元落五年,一家名叫百里香的酒楼里,一位头戴灰帽的评书先生坐在中央,外圈围着一群吃饭喝茶的客人,楼上包厢的客人也垂下眼听这第一评书先生讲这百年间第一顶儿苦的孽缘。
“约百年前,元起五年,分金,玉,冰,辰四宇,有一女子,蓝衣灰发。乃一宇之君,气质清冷。名唤寒落,元起五年,遇一仙者。为墨发青衫,实不凡者也。其仙劫,寻一自我。不虞落尘凡,沉陷万年。有一仙女也,白裘灰发。为羽神也。诚然绝色乎,痴情青衫。削半缕灰发,助渠渡劫。诚乃痴情人也。不曾想,青衫历劫六十载,终陷情字中,实乃一孽缘,缘起之时,便要从降生时细细道来……”
元起元年以前一十三年,九重天,第一上神的府邸听云宫,一位看似流里流气的神仙身着黄色的衣裳,把玩着手中的笛子,此乃天帝唯一的儿子竹笙。

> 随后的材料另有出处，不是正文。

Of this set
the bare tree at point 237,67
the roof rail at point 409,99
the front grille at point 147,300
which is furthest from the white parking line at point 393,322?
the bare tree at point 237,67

竹笙抬起眼眸,向着对面半卧在椅子上着青衫的仙者,叹了口气说:“听陌,不是我说你,如今魔族已大退,天帝特赐盛宴,一来是为我天族众将士庆功,二来想着让你与那韵辞上神喜结连理,你为何就不愿呢?”
那青衫听闻,只是略微轻抬了抬眼皮。并未说话。
竹笙看罢,又叹气:“你本就与韵辞有一纸婚约,她是秉着这天地灵气而生,本体乃是这天地间最纯净的仙气,样貌更是这自洪荒以来唯一难以匹敌的绝色,上神的阶品,尊为羽神。你又是洪荒以来这第一上神,你们二人守护这天族多年,法力也都是上上成,她又钟情于你多年,多么相配,你为何就是不娶呢?”
“不喜欢?”
“是不知道。你有时间倒不如担心担心你自己,老往我这里跑,讲些荒世的道理,什么时候才能觅得一良缘啊。省得天君让我给你物色别家漂亮姑娘。”听陌有些不耐烦了。
“你…你你。哎,不是我说,这么多年你身边就她一个女仙,你肯定是喜欢人家韵辞的,你要是再不抓紧,要是被云熠那个闷葫芦抢走了,有你后悔的。”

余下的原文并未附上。